Gabès s’étouffe. Nous ne nous lasserons pas de le rappeler. Les oasis s’éteignent, les plages se fanent, les mausolées blanchissent au soleil du désarroi. Et pourtant, sous cette chape, quelque chose respire : une conscience lente, têtue, obstinée — celle d’un peuple qui n’a pas renoncé à la beauté de son rivage. Partout dans le pays, un éveil s’amorce. Je corrige : un éveil se propage.

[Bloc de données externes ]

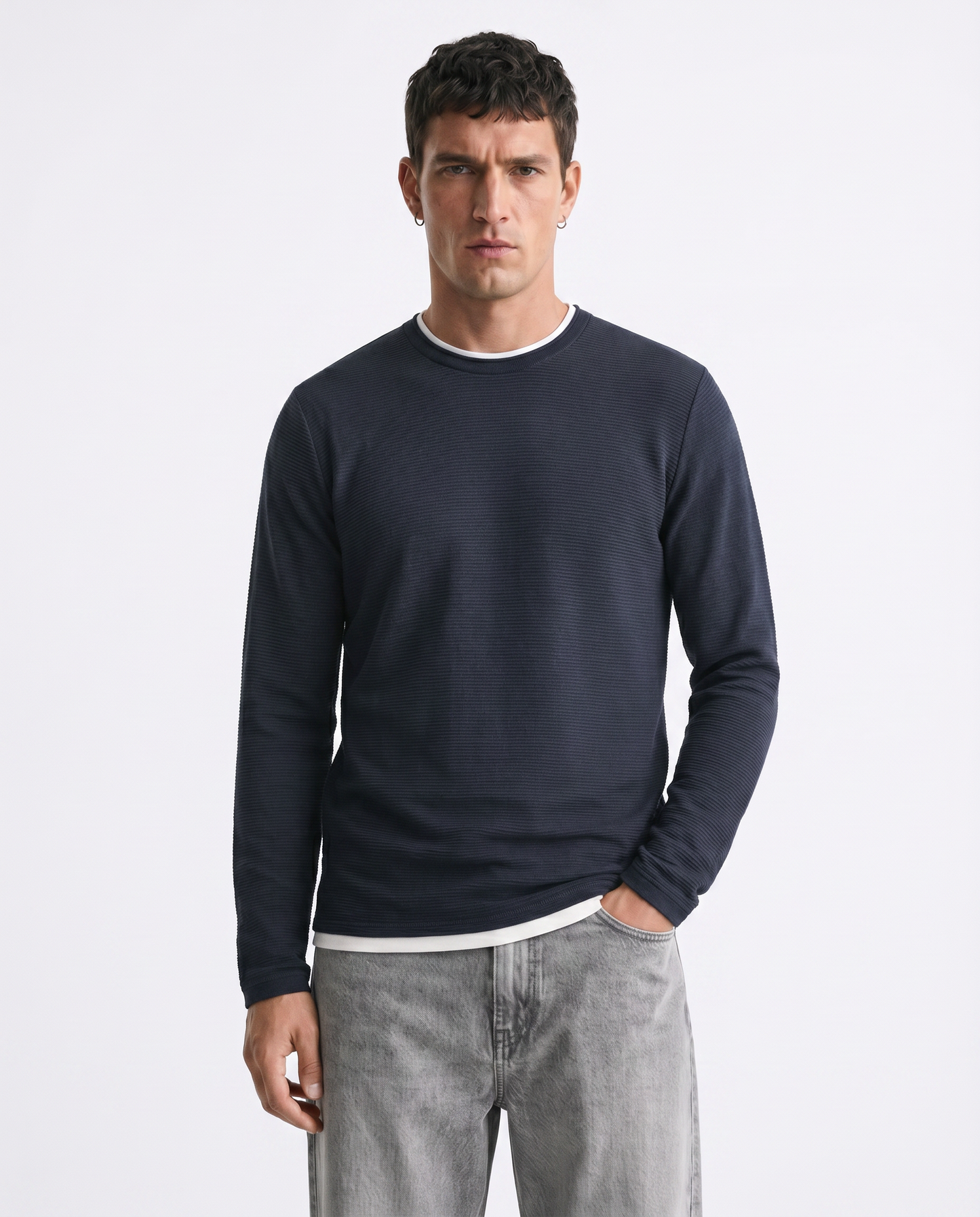 T-shirt maniche lunghe con orli a contrasto - Blu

Mohamed Daghbaji, s’il était encore des nôtres, marcherait parmi eux ? Sa ferveur irrigue toujours les racines du Sud. Dans les rues, sur les murs, dans les laboratoires, les jeunes de Gabès prolongent sa flamme. Ils transforment la mémoire en action, l’asphyxie en persévérance. À Gabès, la résistance agit. Elle avance à pas civiques, têtue, lumineuse, obstinée, comme un souvenir qui aurait décidé de rester jeune.
Les résidus ne surprennent plus, les défaillances accablent. L’État ne peut plus tolérer que la chimie serve de paravent à l’oubli. Il doit punir les fauteurs, restaurer la confiance et inscrire l’écologie au rang des politiques publiques stratégiques. Le Groupe chimique de Gabès appartient à la nation : à sa mémoire, à son effort, à ses mains. Ce site ne produit pas seulement du phosphate ; il fabrique du destin collectif. Les tentatives de cession ont été refoulées par l’Histoire ; qu’aucune époque ne tente à nouveau de vendre ce qui incarne la promesse sociale du pays.
De Gafsa jusqu’au golfe, tout un écosystème industriel gémit, grince, implore un sursaut. La Tunisie sociale renaîtra dans la clarté, lavée de ses fumées, de ses retards, de ses renoncements. Chaque geste écologique est un acte patriotique, chaque palmier replanté, une prière civique.
Ce que nous ferons pour Gabès – on ne se lassera pas de le répéter – dira ce que nous voulons devenir : un pays respirant au même rythme que son peuple, fidèle à la justice écologique comme à la justice tout court. Une Tunisie réconciliée avec son souffle et sa jeunesse, consciente enfin que l’environnement est la forme la plus pure de la souveraineté.